I don’t wear pants very often.
It’s not a rule, per se, or a thing that I do, intentionally, wearing only skirts (although I’m a great fan and admirer of the No Pants! blog.)
I just figured out a while ago that in all photos of me taken anywhere, I prefer the way I look in skirts and dresses to pants, and since then, I’ve tried out various theories, in the following progression of thought:
1) Pants are particularly difficult to fit on MY body, and I just need to find the right styles and stick to those.
(and I drew this little sketch to illustrate it.)
2) I’m actually not really sure how to fit pants, and many of the ones I buy simply don’t fit very well, and I just squeeze myself into them, not knowing the difference, having quite likely spent my entire life thus far in ill-fitting pants.
3) Pants are by nature difficult to fit because there are so many measurements, and manufacturers can’t really fit a style closely to any individual body, therefore if I want to wear pants I should enlist the professional help of a good tailor.
4) If I sewed my own pants, I could eliminate some of these variables, but then I would still have to learn about all these different measurements and variables, myself, and I really don’t know where to start.
5) Then I discovered some pants I’d once made, some time ago, and decided that actually, my shape isn’t so difficult to fit after all (since once, at least, I’d been able to simply followed a straight commercial pattern, and end up with pants) and the real problem must be that the fit of pants is the first thing to change when one’s weight fluctuates, as mine (like so many other women’s) so often does.

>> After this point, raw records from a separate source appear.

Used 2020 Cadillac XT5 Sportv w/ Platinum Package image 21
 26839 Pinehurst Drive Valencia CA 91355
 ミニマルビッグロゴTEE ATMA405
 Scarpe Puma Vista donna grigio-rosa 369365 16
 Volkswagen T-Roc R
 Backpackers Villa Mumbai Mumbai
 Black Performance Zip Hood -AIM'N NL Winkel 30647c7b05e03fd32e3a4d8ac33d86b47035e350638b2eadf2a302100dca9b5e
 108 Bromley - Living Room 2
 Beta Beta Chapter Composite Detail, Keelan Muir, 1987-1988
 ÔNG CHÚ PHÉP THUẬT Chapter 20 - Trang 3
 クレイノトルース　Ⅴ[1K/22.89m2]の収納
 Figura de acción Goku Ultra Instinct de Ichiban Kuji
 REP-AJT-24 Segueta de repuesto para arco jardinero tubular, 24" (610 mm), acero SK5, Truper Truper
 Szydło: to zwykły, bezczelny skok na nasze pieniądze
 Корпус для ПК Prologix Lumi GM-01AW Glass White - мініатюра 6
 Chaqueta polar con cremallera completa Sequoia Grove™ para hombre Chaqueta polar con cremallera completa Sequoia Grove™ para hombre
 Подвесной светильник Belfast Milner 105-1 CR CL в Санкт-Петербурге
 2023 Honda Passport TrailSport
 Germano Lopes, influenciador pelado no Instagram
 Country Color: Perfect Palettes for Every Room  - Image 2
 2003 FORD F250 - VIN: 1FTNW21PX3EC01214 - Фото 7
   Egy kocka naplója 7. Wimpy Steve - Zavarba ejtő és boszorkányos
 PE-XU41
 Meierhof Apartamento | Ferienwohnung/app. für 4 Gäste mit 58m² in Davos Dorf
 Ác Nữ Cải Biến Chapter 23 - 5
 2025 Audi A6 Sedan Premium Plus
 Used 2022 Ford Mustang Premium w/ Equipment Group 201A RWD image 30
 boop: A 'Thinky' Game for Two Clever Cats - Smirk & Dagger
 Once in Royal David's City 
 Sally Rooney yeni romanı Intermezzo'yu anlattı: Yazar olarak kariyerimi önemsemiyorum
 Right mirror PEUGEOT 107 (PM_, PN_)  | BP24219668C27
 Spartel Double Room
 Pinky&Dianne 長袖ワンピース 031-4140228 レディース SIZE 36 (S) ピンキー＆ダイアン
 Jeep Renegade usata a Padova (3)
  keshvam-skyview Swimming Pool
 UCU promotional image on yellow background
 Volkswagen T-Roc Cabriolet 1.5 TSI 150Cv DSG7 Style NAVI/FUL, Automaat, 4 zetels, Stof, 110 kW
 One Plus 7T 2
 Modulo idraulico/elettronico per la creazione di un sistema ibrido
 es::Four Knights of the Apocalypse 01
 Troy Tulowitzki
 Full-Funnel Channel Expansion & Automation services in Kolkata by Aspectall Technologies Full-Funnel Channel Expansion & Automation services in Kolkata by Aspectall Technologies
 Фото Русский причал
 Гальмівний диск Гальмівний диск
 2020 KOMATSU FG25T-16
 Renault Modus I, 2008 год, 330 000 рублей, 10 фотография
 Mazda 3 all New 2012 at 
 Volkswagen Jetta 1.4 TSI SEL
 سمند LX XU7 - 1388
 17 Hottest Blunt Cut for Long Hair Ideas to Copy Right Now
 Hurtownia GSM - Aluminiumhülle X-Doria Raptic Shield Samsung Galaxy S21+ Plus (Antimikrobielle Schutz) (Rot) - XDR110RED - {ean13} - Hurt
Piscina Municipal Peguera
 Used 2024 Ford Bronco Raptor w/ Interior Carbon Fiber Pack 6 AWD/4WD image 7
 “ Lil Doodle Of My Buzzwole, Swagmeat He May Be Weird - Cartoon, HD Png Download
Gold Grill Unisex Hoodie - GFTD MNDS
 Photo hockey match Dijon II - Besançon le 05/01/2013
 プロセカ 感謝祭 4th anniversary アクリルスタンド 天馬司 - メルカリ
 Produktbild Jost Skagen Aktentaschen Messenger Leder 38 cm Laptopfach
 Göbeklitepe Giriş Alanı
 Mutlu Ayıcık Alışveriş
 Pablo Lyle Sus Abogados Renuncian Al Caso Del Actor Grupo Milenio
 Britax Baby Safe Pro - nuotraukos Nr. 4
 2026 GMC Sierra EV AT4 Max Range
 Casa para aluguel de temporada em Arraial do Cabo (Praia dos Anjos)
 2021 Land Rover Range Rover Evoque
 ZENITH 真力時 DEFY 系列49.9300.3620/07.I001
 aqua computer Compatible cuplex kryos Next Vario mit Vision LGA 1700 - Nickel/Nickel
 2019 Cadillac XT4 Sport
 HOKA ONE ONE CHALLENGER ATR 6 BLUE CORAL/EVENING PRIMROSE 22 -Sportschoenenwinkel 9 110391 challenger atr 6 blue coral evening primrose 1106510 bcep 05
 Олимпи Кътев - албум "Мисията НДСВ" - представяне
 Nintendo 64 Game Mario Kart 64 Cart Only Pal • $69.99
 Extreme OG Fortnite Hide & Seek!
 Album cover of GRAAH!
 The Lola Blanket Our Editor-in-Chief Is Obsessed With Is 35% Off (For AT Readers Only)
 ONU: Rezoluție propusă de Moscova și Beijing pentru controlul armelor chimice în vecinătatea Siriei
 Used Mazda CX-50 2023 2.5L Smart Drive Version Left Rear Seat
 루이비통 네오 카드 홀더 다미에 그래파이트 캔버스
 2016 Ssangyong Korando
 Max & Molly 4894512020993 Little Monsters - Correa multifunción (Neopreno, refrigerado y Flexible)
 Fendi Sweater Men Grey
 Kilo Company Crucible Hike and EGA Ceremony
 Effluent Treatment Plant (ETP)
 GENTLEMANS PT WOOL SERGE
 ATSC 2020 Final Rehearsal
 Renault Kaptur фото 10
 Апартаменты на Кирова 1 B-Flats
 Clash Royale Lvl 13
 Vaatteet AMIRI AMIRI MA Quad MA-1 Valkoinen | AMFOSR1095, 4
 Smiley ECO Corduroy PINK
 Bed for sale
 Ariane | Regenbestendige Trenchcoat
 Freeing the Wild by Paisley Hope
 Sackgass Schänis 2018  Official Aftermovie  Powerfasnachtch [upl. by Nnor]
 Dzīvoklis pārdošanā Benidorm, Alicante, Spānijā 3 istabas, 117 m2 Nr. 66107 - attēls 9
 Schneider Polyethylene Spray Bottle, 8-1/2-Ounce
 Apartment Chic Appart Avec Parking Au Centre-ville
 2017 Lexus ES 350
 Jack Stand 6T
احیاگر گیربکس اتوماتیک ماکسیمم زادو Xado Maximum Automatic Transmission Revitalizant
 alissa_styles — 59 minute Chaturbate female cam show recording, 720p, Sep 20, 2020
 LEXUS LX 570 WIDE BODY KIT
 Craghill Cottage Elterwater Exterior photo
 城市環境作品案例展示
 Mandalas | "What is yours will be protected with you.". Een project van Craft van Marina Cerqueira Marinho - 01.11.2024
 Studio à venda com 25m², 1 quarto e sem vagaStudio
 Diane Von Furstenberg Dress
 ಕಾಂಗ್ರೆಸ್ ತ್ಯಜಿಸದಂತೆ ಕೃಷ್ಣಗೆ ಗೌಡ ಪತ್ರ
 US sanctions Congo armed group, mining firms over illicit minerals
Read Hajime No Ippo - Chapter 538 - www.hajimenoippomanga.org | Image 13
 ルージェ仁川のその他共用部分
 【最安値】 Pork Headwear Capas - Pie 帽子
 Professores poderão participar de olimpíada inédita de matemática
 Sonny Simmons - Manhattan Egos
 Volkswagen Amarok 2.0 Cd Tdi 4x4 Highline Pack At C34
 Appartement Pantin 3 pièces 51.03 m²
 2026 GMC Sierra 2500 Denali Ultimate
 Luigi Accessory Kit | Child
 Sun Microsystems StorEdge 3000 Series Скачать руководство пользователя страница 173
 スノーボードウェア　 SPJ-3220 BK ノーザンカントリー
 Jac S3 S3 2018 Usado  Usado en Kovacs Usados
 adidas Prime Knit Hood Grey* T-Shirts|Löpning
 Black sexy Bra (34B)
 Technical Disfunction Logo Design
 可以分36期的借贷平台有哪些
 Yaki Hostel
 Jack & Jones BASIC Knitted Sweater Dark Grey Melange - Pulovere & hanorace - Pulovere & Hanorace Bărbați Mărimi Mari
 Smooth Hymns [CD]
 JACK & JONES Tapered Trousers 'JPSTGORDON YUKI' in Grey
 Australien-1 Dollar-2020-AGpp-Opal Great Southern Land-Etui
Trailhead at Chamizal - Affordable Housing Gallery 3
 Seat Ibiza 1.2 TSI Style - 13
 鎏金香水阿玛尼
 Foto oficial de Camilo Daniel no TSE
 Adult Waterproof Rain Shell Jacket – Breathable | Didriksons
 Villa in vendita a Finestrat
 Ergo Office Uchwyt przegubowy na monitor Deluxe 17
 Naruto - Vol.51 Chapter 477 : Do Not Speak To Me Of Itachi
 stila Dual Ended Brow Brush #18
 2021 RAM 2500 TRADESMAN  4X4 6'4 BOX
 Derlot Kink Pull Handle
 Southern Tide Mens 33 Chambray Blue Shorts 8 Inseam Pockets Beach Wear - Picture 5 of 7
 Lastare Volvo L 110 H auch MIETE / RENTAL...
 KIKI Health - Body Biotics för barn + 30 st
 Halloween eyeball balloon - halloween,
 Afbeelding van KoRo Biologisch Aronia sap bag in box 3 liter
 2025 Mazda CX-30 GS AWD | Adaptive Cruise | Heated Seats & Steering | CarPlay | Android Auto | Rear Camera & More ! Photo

After all, these pants look fine, right now, but since there’s no waistband (just a side zip and waist facings, front and back) if I lose 5 pounds, they become too loose and ride down on the hips, becoming saggy in the crotch, and if I gain 5 pounds, the belly looks bad and…other unflattering things.
There’s quite likely some truth in all these ideas. I don’t really know how to fit pants, and most retailer’s pant’s aren’t a great fit on my body, and there are a lot of variables in measurements that improve a fit on a pair of pants, and I probably am really in over my head, on this one. But the fact that I once made this one pair of pants that’s not entirely awful indicates that maybe, just maybe I could try it again, and puzzle this thing out bit by bit.
I think I’m ready to try. My next pair, I’ll add some belt loops, so at least they might have some longevity and span at least a little bit of body-size fluctuation variation. Pockets would be a nice addition, as well. And a fabric heavier than suiting would be better, these are pretty lightweight, in my opinion.
But I’m still not quite sure where to start. Even if I made the same pattern over again, should I make some fit adjustments? Those are from Butterick 6833, here:
The style seems to fit my preferred shape for pant acceptability, so close that I wonder if I was wearing my home-sewn green pants when I drew that picture…BUT: Fit for Real People warns me that wrinkles point to fit problems. I look at the picture of the model on the pattern, and I see wrinkles, pointing to her crotch as well as over her right hip, where her leg extends farther. Do these pants even fit her?
How do I know? What does a pair of right-fitting pants even look like?
And most importantly: Do mine fit me? Pants wrinkle all the time, with every step. Which posture is the one that’s supposed to reveal the true fit? Which wrinkles are meaningful, and which ones are inevitable, as fabric flows around a three-dimensional form moving through space? And is there a formula?
One way or another, I’m going to figure out pants.